The Simtable is very good at showing people the scale and extent of bushfire risk in an area, how far and how fast bushfires can travel, and why they need to have a plan.
Climate change is increasing the risk of bushfire throughout NSW. Hotter, drier conditions are producing more extreme fire danger days with Greater Sydney experiencing “catastrophic” fire conditions for the first-time last year.
Yet the community remains largely underprepared for bushfires and few residents have a survival plan.
Ku-ring-gai Council has delivered a comprehensive bushfire education program with its Climate Wise Communities workshop series, incorporating computer based simulations to illustrate localised bushfire risk.
The Simtable is a 3D interactive tool that can simulate the impact of bushfire, storm and flooding events on a specific area. Residents recreate the topography of their suburb, overlay it with aerial photos creating the 3D effect, then input weather, fuel and vegetation data to see the potential impact of extreme weather scenarios on their homes and neighbourhood.
This is vital information in Ku-ring-gai where more than a third of homes are located on bushfire-prone land. Steep terrain and extensive ridge-top residential development further exacerbate the danger of bushfires, as does limited road access to some suburbs.
Fire travels faster uphill than it does downhill, when residents look at the Simtable, they can see that they live next to a steep, highly vegetated gully that can bring fire up there. They can see what all the hazards are around and they can understand how the routes out of their area are easily compromised.
- James Chan, Sustainability Projects Officer at
“It’s a great way of dispelling a lot of myths and assumptions that people can fight and stay and defend their homes in this terrain, in this situation. More people are lost trying to leave fires too late than while actually fighting fires.
“The key is to have an early trigger to leave and to make sure that your home is quite resilient to bushfire. A well-prepared house has a far better chance of surviving bushfires.”

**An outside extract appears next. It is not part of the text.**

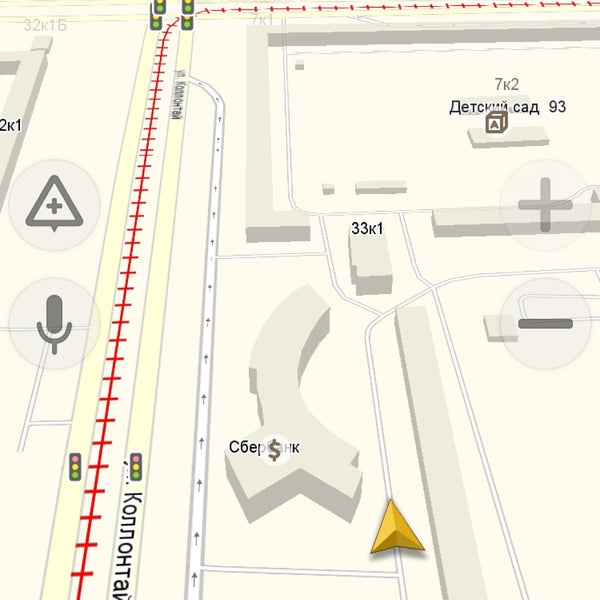 Бум тц на братиславской схема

Council staff supplemented Simtable demonstrations with a tour of the Climate Wise Communities website, which helps residents evaluate their home for bushfire, storm, flood and heatwave risk and develop a tailored bushfire survival plan. Members of the local RFS brigade and SES offered additional advice to participants on how to respond during fire weather and other extreme weather events.
The Simtable attracted significant media attention and community interest, with many more residents attending the workshops after its introduction. It was also immensely effective. In follow-up surveys, 50% of workshop participants reported that they had written a bushfire survival plan and traffic to the Climate Wise Communities website more than tripled.
The Simtable workshops were so successful, James said, because presenters were able to graphically illustrate bushfire behaviour while using the Climate Wise Communities website to provide solutions to mitigate the risk.
“We find that this approach leaves participants with a ‘can-do’ attitude rather than a feeling of being overwhelmed by the problem,” James said.
“One of the key outcomes from these workshops,” he said, was “to communicate to residents their shared responsibility to their own safety and resilience to extreme weather, especially bushfire.
The Simtable is highly adaptable making it a useful education tool for councils throughout Australia, James said. It is also highly suited to current circumstances, as they were easily able to convert the workshops to an online presentation during the COVID lockdown, he added.
Ku-ring-gai Council is currently exploring other uses for the Simtable including a presentation on storms and flash flooding.